Getting undeclared error for the variable which is already declared.

shajabedi

I have this piece of code to compile with insure++

static int ABC
(
unsigned char *buffer,
int buffer_size,
int num,
)
{

    memset(buffer, '\0', buffer_size);
    void* xyz = #
    memcpy(buffer, xyz, "ABCD");

''''
but after cmpilation, i get this error:
" error: 'xyz' undeclared (first use in this function)"

but it is already declared.

Rich

This code is not valid. memcpy takes three arguments:
void *memcpy(void *dest, void *src, size_t count);

You have a string literal for the third argument, instead of the count of number of bytes to copy.
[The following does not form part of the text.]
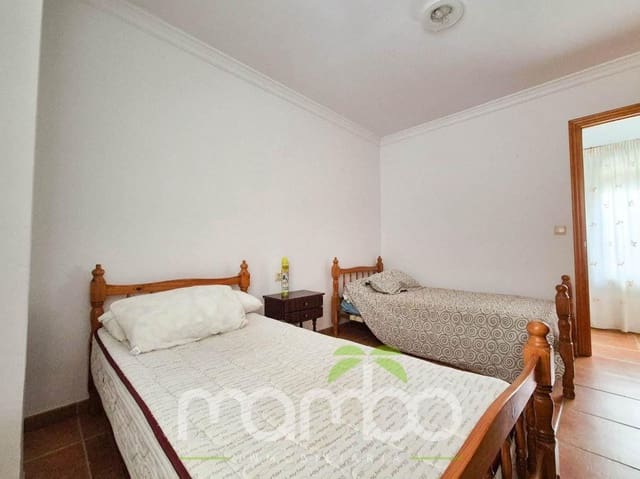 Pareado de 3 habitaciones en Vélez-Málaga en venta con garaje - 330.000 € (Ref: 9484027)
Also, what platform and compiler are you using?

shajabedi

Yeah, i was wrong it is
memcpy(buffer, xyz, 5);
I am in Linux and using gcc version 4.8.5

shajabedi

the question is xyz is declared but i am getting undeclared error for it in line memecpy.

Rich

I cannot reproduce this behavior with the information that you've given me so far.
Please contact our technical support department, ([email protected]). Please include a small, compile-able test-case which reproduces this behavior.

This is my test-case:

#include <string.h>

static void ABC (unsigned char *buffer, int buffer_size, int num)
{
memset(buffer, '\0', buffer_size);
void *xyz = &num;
memcpy(buffer, xyz, 5);
}

This compiles just fine with insure.

shajabedi

I compiled your test case and I got this error:
error: 'xyz' undeclared (first use in this function)
void *xyz = &num;

Bogdan Czwartkowski

Hi @shajabedi ,

I could confirm, the test case that @Rich provided compiled just fine with Insure++. I suspect someting wrong with either your setup or environment.
As @Rich wrote, please, create reproducible test case that compiles with your compiler and reproduces the error, and contact our technical support.